Sono poco meno di duecento le donne malesi che in Mali hanno deciso di manifestare il proprio dissenso contro la decisione, da parte del nuovo regime, di imporre il velo secondo l’osservanza della sharia.
Le manifestanti sono scese per le strade di Timbuctu, attualmente è sotto il controllo dei ribelli islamici, coraggiose e decise ad accusare il nuovo governo per aver commesso una serie di arresti e di violenze contro la popolazione femminile a seguito della rivisitazione della legge islamica.

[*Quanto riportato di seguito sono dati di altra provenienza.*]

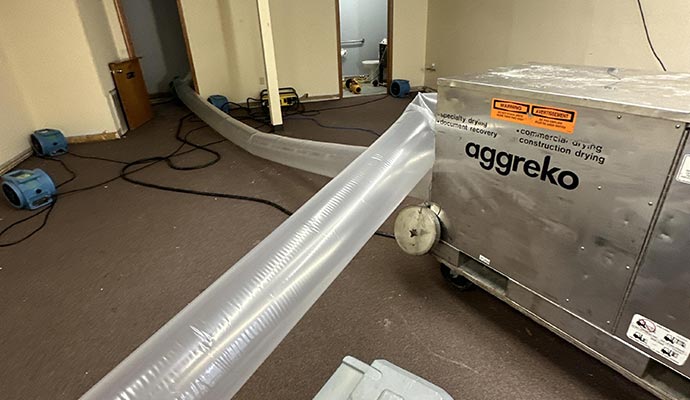 A large Aggreko industrial desiccant dehumidifier with plastic ducting and air movers drying out a water-damaged room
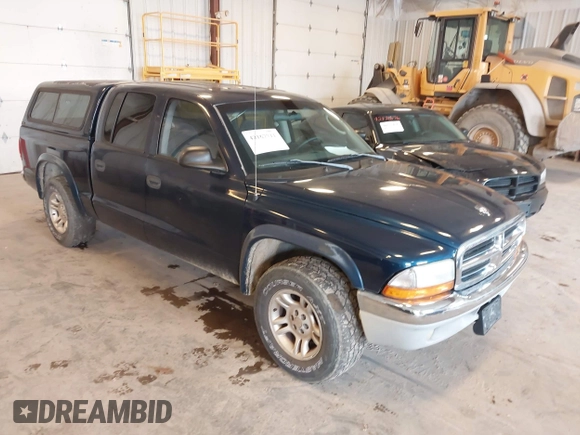 2003 Dodge Dakota SLT with VIN 1D7HL48N63S177233, listed as a IAAI auction lot 42167711 with 163,511 mi miles and . Bid and sale history available at carsss.com. Image 1.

Da aprile, infatti, gli islamisti più radicali hanno costretto la popolazione ad osservare una rigidissima interpretazione della sharia: messa al bando la musica, istituito il taglio degli arti per i sospetti criminali, anche per le donne è scattato l’obbligo di coprirsi integralmente, andare in giro solo se accompagnate dal marito o da un parente e di rispettare il coprifuoco delle 23.
Nell’ultimo mese è stato già segnalato uno dei primi (e sicuramente non ultimi) abusi subito da una donna a cui è stato vietato l'accesso in ospedale perché non portava il velo: a causa di questo suo rifiuto la ragazza è stata costretta a partorire sul marciapiede.
“La vita sta diventando sempre più difficile con queste persone, siamo stanche, ci hanno imposto il velo e ora ci braccano come banditi se non lo indossiamo” sono le parole disperate di una delle coraggiose partecipanti alla protesta. E la situazione sembra peggiorare di giorno in giorno: gli islamisti infatti hanno già annunciato che a luglio ci sarà l’abbattimento di tutti i sedici mausolei dei santi musulmani di Timbuctu (compresi alcuni cimiteri e monumenti risalenti alla prima fase d’islamizzazione dell’Africa); già tre sarebbero stati devastati.
La comunità internazionale intanto sta valutando seriamente l’ipotesi di un intervento militare per scacciare i gruppi islamisti al potere, come richiesto - tra l’altro e in più occasioni - dal presidente maliano Dioncounda Traorè.